Nows a good time to catch up on that honey-do list. We'll hit it hard in a couple of months.

Sliprig


----------



## Gary (Apr 14, 2004)

if anyone has figured out how to actually hook gar with regularity and would like to share the info, we could all go catch the heck out of them. They sure are biting just about anything you throw out there right now.

--Gary


----------



## flathunter (Apr 5, 2004)

I cant even catch a freaking gar right now....Better times are comming. I caught my biggest fish ever in August.


----------



## Rooster (Apr 8, 2004)

I've read that you can catch gar on braided nylon rope (no hook), but have never tried.


----------



## lark101_1999 (Apr 12, 2004)

i think i have the fix for catching gar no hook needed use whit nylon rope the kind u use for pull strings in lawnmowers tie a knot in one end then cut off about 4 inches from knot un rasvel the rope so it looks like a big hair ball tie line below knot with a sinker then fish for the toothy critters no need for hook settes just reel the fish in


----------



## winkstyle (Jun 9, 2004)

i catch gar all the time on twister tails the trick is once you feel them hit its like a lil smack stop realing then you will feel them swim off set the hook.i also sight fish for them with poppers they jump like no other.


----------



## UFM82 (Apr 6, 2004)

Do not, I repeat, do not set the hook for at least a minute after they hit. If you have ever watched a gar feed, it takes them a long time to orient a bait in their mouth so they can swallow it. I have found that letting them run for even 2 minutes drastically increases hook-ups. It takes a while for them to actually eat the bait. You may get lucky and tangle up in their teeth, but I have hooked many in the mouth by letting them go for a long time. 

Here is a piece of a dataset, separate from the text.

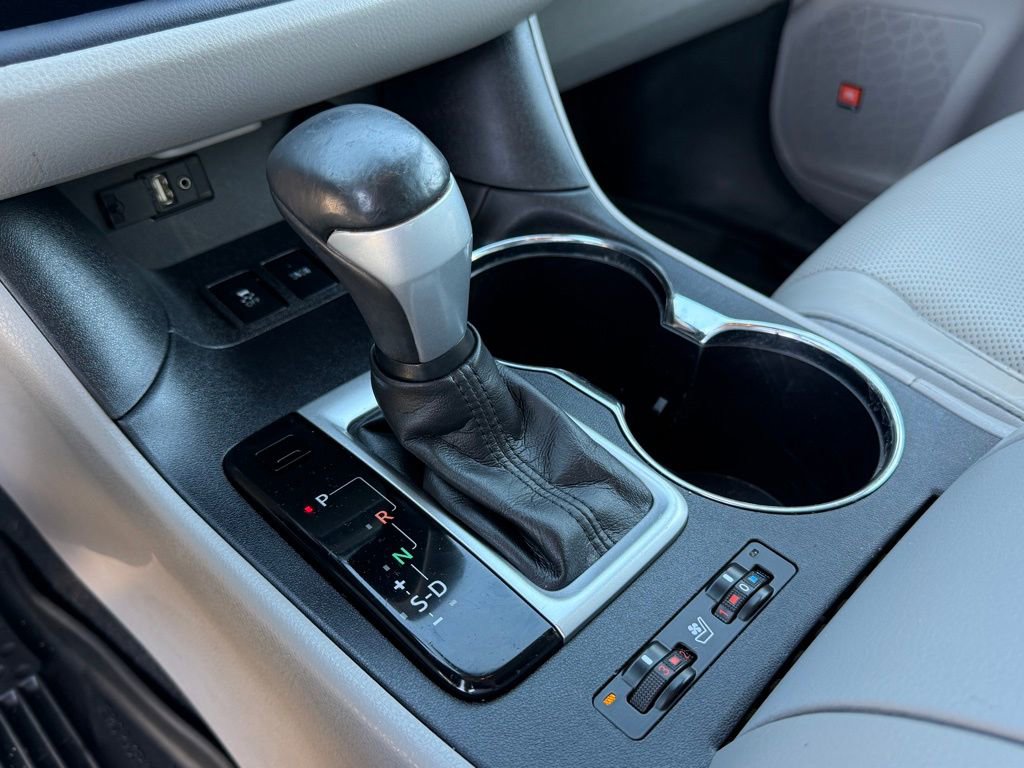 Used 2016 Toyota Highlander Limited w/ Driver Technology Package image 23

And they do fight well if you hook the bigger ones. Just so hard to get unhooked. Their teeth are like needles.

UFM82


----------



## Fish4Fun (Apr 6, 2004)

I want to catch a gar were is the best chances in central ohio?

I know what you mean about dog days it has been tought. I got my lights rigid up on the boat and iam going to start hunting the night time bass and seye action its alot cooler and i can go after work on 2nd shift.


----------